Distribuzione di grano a categorie di bisognosi.


Settore:Normativa nazionale
Materia:10. Assistenza e servizi sociali
Capitolo:10.5 interventi specifici
Data:31/01/1960
Numero:32


Sommario
Art. 1.      Per l'assistenza invernale ai bisognosi è autorizzata la cessione gratuita di quantitativi di grano della gestione di ammasso obbligatorio provenienti da vecchi raccolti [...]
Art. 2.      I quantitativi di grano ceduti ai sensi del precedente articolo, saranno ritirati franco magazzino ammasso
Art. 3.      Il grano ceduto verrà dal Ministero dell'interno ripartito tra le Provincie della Repubblica in conformità al disposto dell'art. 17 del decreto del Presidente della [...]


§10.5.2a - Legge 31 gennaio 1960, n. 32.

Distribuzione di grano a categorie di bisognosi.

(G.U. 22 febbraio 1960, n. 45).

 

 

     Art. 1.

     Per l'assistenza invernale ai bisognosi è autorizzata la cessione gratuita di quantitativi di grano della gestione di ammasso obbligatorio provenienti da vecchi raccolti riscontrati non più idonei ad ulteriore prolungata conservazione.

     Detta cessione avverrà entro i limiti che saranno stabiliti dal Comitato interministeriale della ricostruzione fino al massimo di due milioni di quintali di prodotto e previ accertamenti tecnici ed igienici eseguiti presso i magazzini e nei depositi dai competenti organi del Ministero dell'agricoltura e delle foreste.

 

          Art. 2.

     I quantitativi di grano ceduti ai sensi del precedente articolo, saranno ritirati franco magazzino ammasso.
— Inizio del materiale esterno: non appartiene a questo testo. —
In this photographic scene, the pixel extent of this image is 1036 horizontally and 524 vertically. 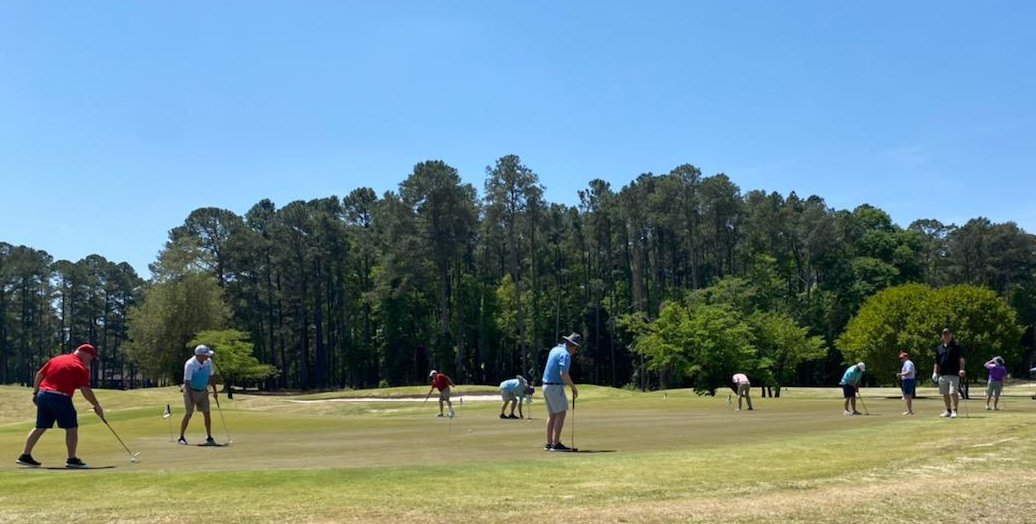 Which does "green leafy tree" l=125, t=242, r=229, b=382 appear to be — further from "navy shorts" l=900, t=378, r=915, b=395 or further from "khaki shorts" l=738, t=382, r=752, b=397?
"navy shorts" l=900, t=378, r=915, b=395

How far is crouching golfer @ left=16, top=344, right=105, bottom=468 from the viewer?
14.1 m

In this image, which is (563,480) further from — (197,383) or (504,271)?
(504,271)

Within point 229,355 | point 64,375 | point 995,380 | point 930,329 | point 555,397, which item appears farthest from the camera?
point 229,355

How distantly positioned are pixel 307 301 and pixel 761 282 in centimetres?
6273

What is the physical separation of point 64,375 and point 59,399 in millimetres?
426

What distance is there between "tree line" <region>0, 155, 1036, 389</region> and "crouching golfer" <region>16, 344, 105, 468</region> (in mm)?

     Alle operazioni di ritiro e di distribuzione provvederà l'Amministrazione dell'interno e l'onere relativo graverà sugli stanziamenti della predetta Amministrazione.

 

          Art. 3.

     Il grano ceduto verrà dal Ministero dell'interno ripartito tra le Provincie della Repubblica in conformità al disposto dell'art. 17 del decreto del Presidente della Repubblica 19 agosto 1954, n. 968.

     I prefetti distribuiranno il quantitativo assegnato fra gli E.C.A. delle rispettive Provincie fino alla concorrenza di almeno il 50 per cento ed il rimanente tra gli Enti e le Istituzioni di assistenza e beneficenza pubblica.